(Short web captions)
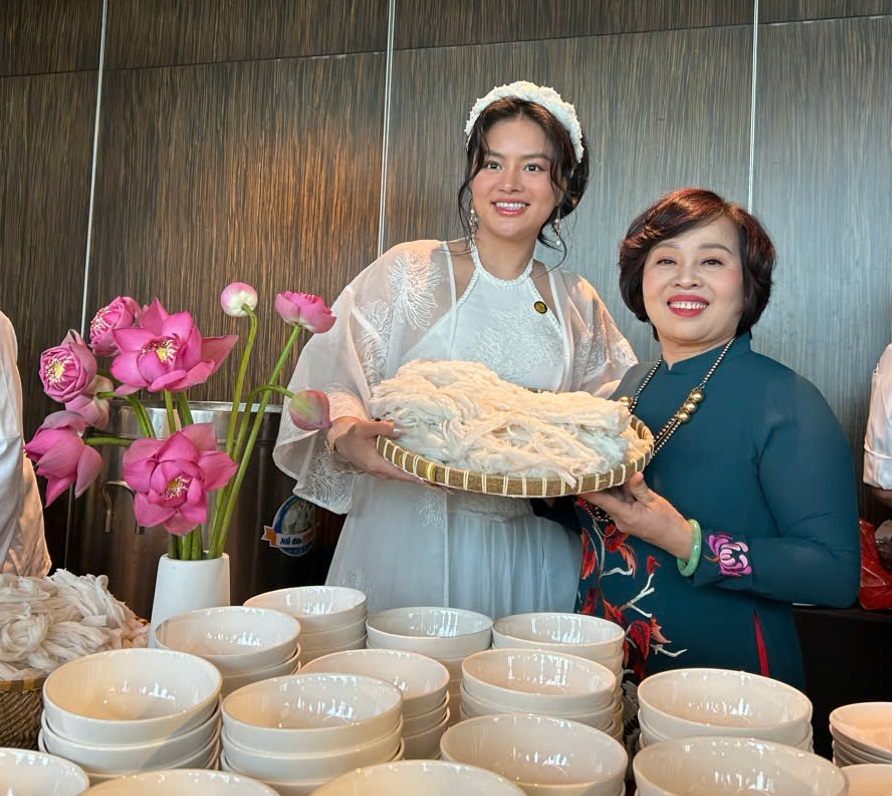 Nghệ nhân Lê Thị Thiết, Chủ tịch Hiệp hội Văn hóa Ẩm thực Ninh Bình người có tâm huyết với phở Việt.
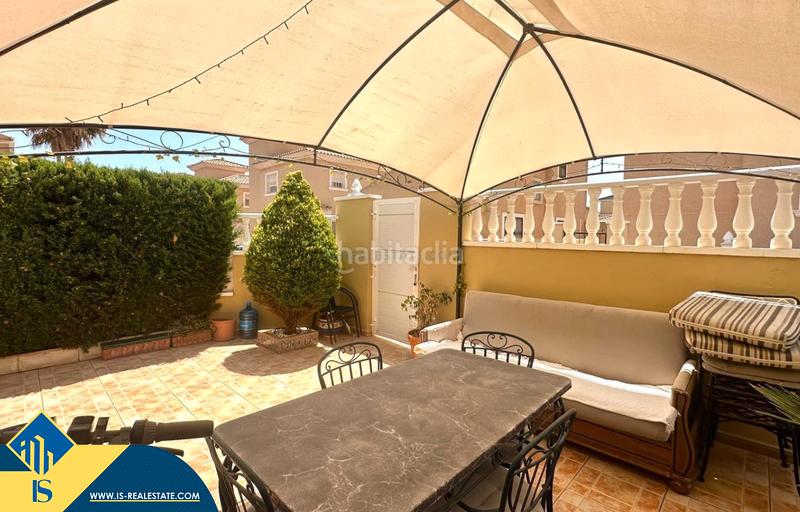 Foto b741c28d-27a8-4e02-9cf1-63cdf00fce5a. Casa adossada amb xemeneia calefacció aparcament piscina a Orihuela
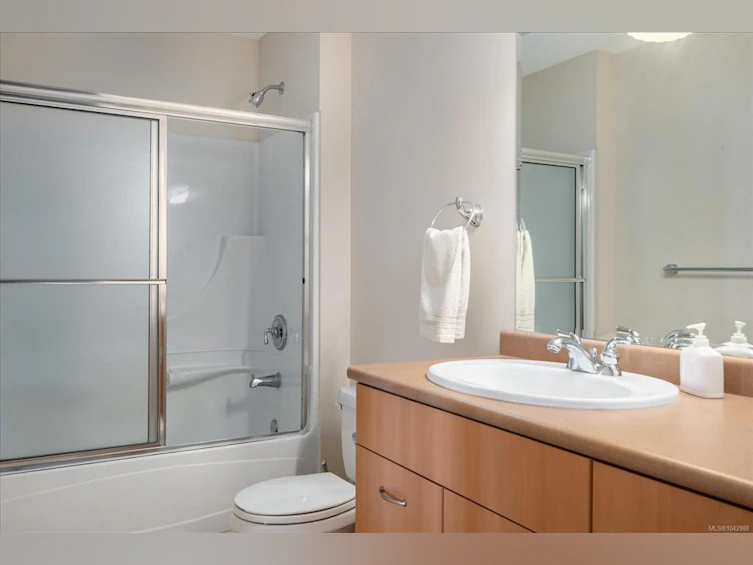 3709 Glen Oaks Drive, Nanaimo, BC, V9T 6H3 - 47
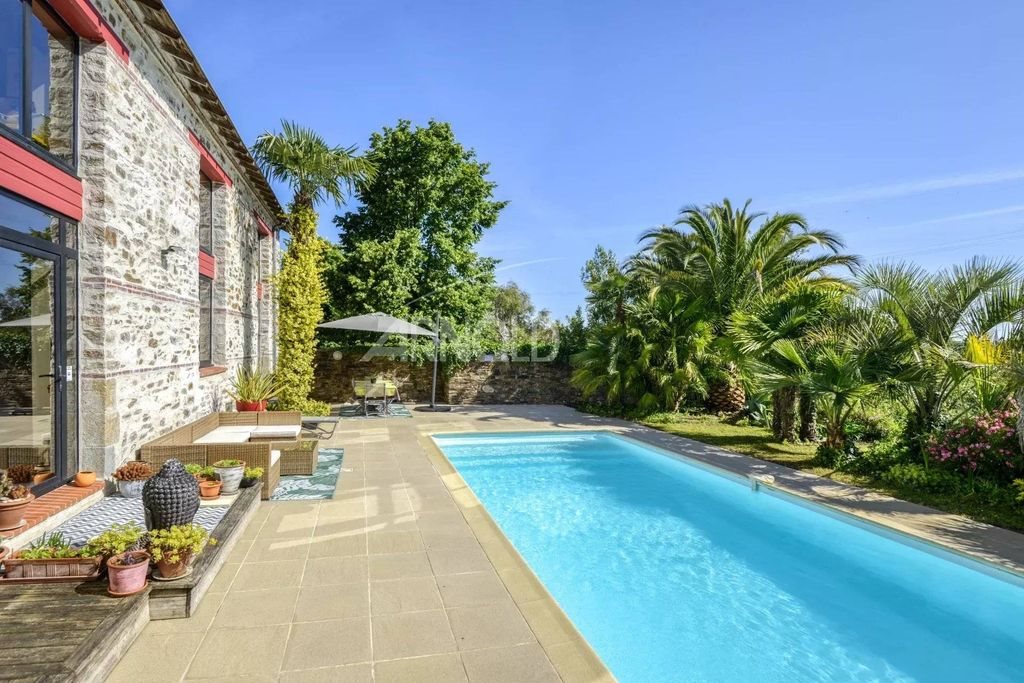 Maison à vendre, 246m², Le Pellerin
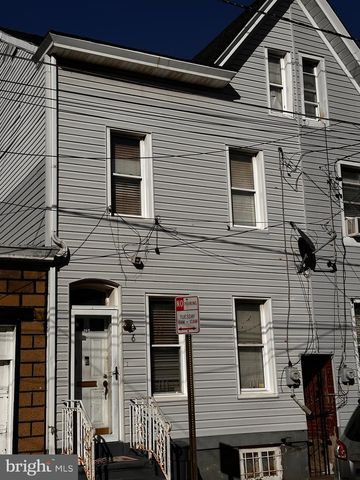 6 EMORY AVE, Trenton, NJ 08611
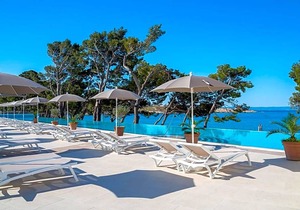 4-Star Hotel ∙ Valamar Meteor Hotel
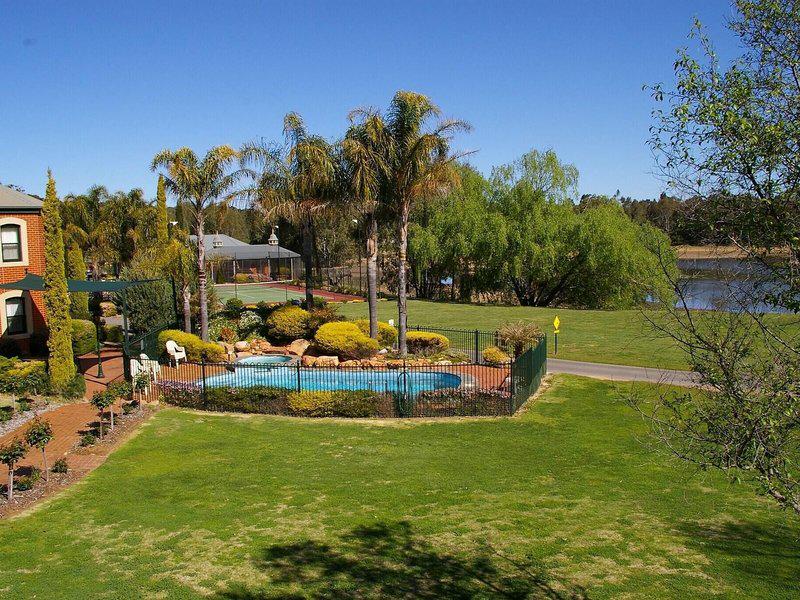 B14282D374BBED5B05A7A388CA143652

» What to do
From the line containing "Maison à vendre, 246m², Le Pellerin" through the last line of the entries, both included, print each line exactly and omit any picture.

» The completed task
 Maison à vendre, 246m², Le Pellerin
 6 EMORY AVE, Trenton, NJ 08611
 4-Star Hotel ∙ Valamar Meteor Hotel
 B14282D374BBED5B05A7A388CA143652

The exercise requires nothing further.